Все, что они говорили в пользу и защиту деревни и что так горячо проповедовали, ей казалось только свойствами их молодости, — и еще неизвестно было, что из них выйдет впоследствии.
Деревне казалось еще, что уж если они так горячатся и если, кроме них, в городах есть еще такие же, постарше этих, набольшие, то, может быть, действительно все они, вроде добровольных ходоков, когда-нибудь и добьются для «черного народа» какого-нибудь облегчения, которое кто-то даст народу. Сам же народ что-либо делать для себя не собирался.
Представители будущей интеллигенции от крестьянского класса — Кирилл и Вукол — ясно почувствовали, что, несмотря на кровную связь с ними и личные симпатии к ним, как к людям близким, деревня и не думает о каком-либо «бунте» или вооруженном восстании.
Инстинктивно она глубже и серьезнее их относилась к будущей революции, зная, что в случае неуспеха будет расплачиваться народная многомиллионная масса и что поэтому не так-то уж легко ей сдвинуться с места. Тем не менее новые, непривычные мысли невольно застревали в мозгу, западали в душу. Кирилл и Вукол были увлечены даже тем поверхностным, но несомненным успехом, который улыбнулся их выступлениям перед родной деревней, под открытым небом, без вмешательства полицейских властей и цензуры.
Расставаясь в конце лета, давно уже сошедшись на «ты», Кирилл и Вукол условились установить между собой деловые сношения: Кирилл обещал присылать этой же зимой Вуколу из Петербурга с надежными попутчиками подпольную литературу для снабжения ею деревень знакомого им приволжского района, пользуясь теми связями, которые они предполагали установить.
VIПрошел еще год.
В городе стало неспокойно: почти каждый день во все поволжские города прибывали целые партии рабочей и учащейся молодежи, высланной из столиц, где происходили волнения в университетах и даже уличные демонстрации по поводу репрессий правительства. Кирилл был выслан сюда же. Не до пропаганды среди крестьян стало ему и Вуколу. Посланная с «попутчиком» литература не попала в руки Буслаева, провалилась. В местных учебных заведениях, в том числе и в институте, свирепствовали репрессии.
«Граф», Вукол, Клим и Фита были в числе многих навсегда исключены из института, а самый институт прекратил свое существование.
Солдатов, хотя и успел кончить курс, был лишен права вести педагогическую деятельность и уехал из города вместе с Антониной.

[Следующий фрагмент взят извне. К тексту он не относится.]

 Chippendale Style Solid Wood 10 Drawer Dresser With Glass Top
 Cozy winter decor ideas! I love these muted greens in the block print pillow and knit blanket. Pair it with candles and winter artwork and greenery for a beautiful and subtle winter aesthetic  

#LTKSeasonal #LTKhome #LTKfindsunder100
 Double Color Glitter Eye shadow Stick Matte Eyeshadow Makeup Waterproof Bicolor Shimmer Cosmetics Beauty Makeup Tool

Товарища Александра арестовали, Филадельфов принужден был принять место начальника маленькой железнодорожной станции, забытой ботом и людьми, среди киргизских степей, где он мог видеть только полудиких кочевников, не знавших русского языка: для чахоточного агитатора это было не только ссылкой, но и пыткой.
Клим, Вукол и Фита временно приютились в бесплатном «палаццо» «графа», который продолжал занимать его. Жили впроголодь, на положении людей «без определенных занятий».

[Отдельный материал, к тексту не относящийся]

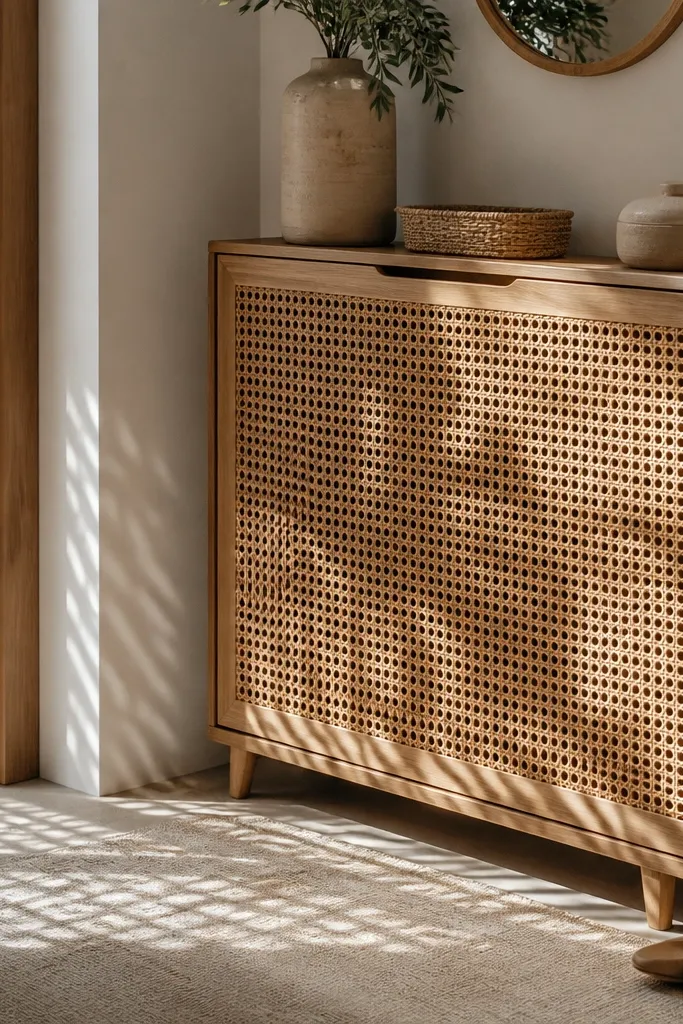 Rattan-style front panel covering a cabinet with shoe storage behind doors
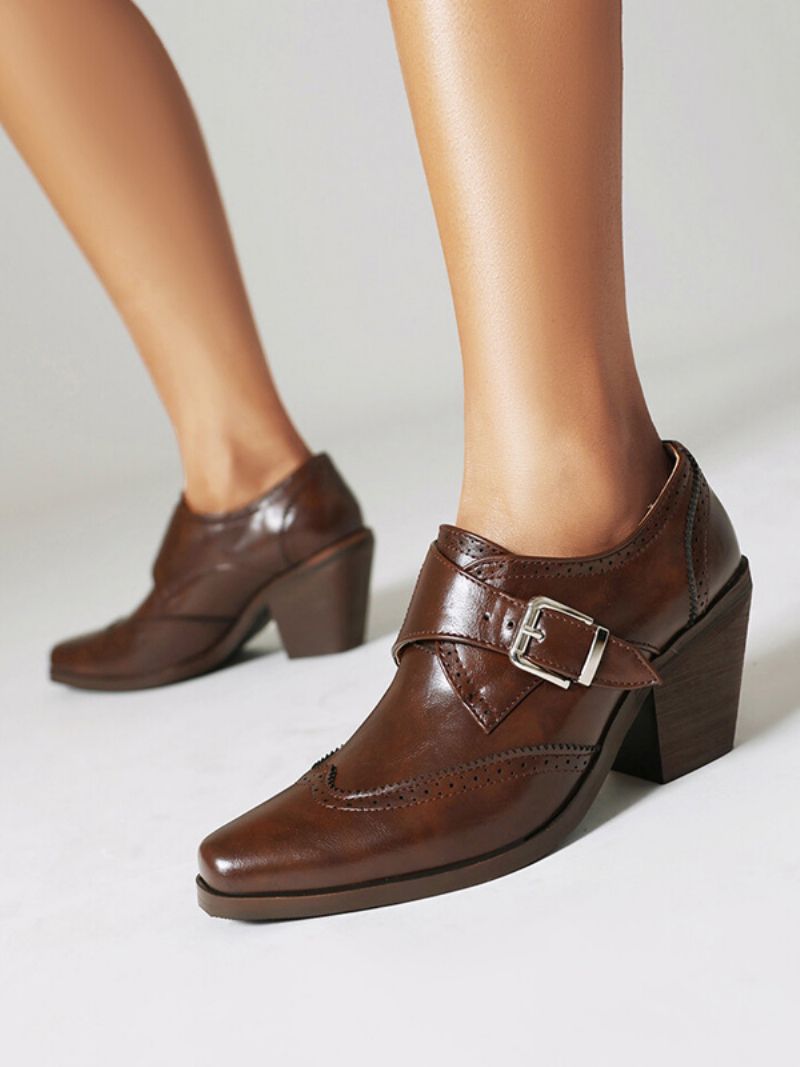 Kvinders Square Toe Chunky Heel Pu-læder Oxfords - Kaffe Brun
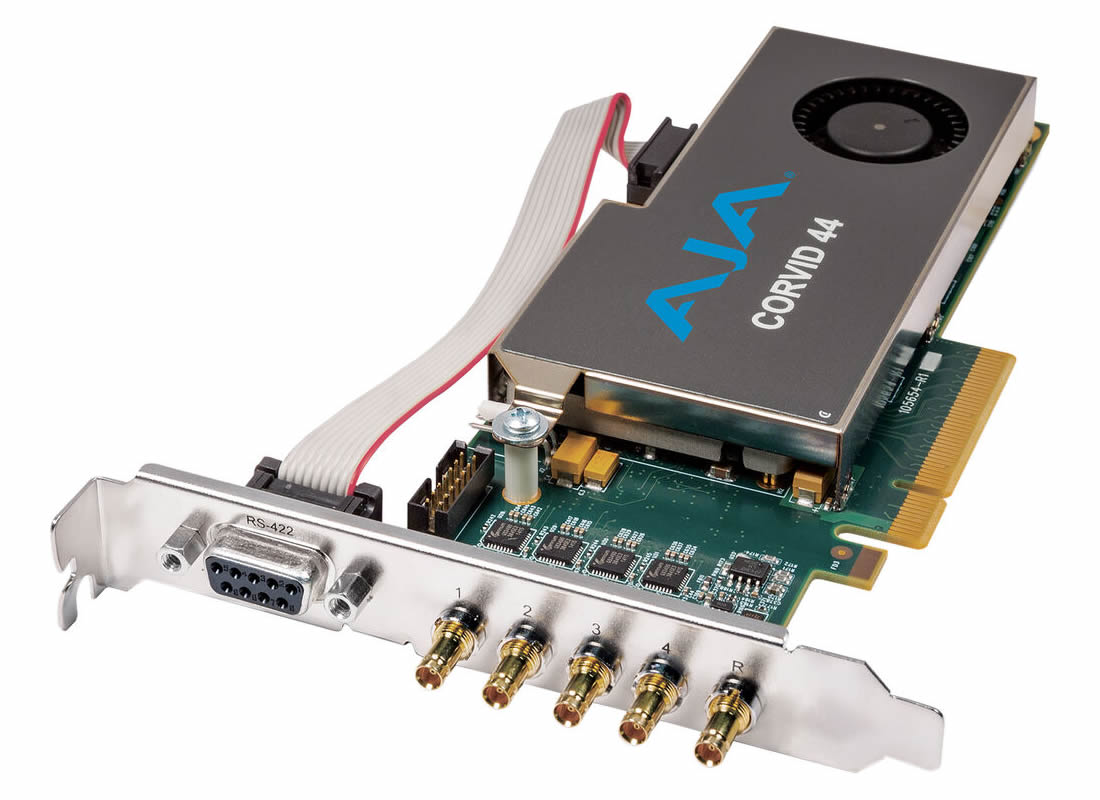 AJA CRV44-T-R0 BNC Flexible Multi-Format I/O Card with Fan (Version 2, Tall Bracket, Cables Included)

«Граф» отыскал в «Сборнике программ» адрес оригинального учебного заведения, куда при очень легком экзамене всех принимали на стипендию: последнее условие привело его к мысли не искать никаких занятий, а весь текущий год готовиться туда.
Остальные каждое утро писали прошения во всевозможные канцелярии о приеме на службу, но всюду получали отказ.
Выходя из дому, они шли некоторое время вместе.
Идем на промысел ужасный! —
мрачно декламировал Клим, а когда расходились в разные стороны около массива строящегося собора, Фита отвечал ему не менее напыщенно:
Но ясны спящие громады!
Однажды в пасмурный осенний день все трое шли по тротуару захолустной улицы. На углу Клим мрачно повернул к подъезду Казенной палаты.
— Толчение воды в ступе! — со вздохом сказал Фита. — Без протекции нигде не примут.
Вдруг Вукол просиял:
— Зайдем сейчас к другу нашему, Тарасу! У тебя хороший бас, у меня скрипка!..
Маэстро оказался дома и тотчас же принял бывших своих учеников. Он сидел в чистеньком зальце небольшой квартирки, перебирая клавиши фисгармонии.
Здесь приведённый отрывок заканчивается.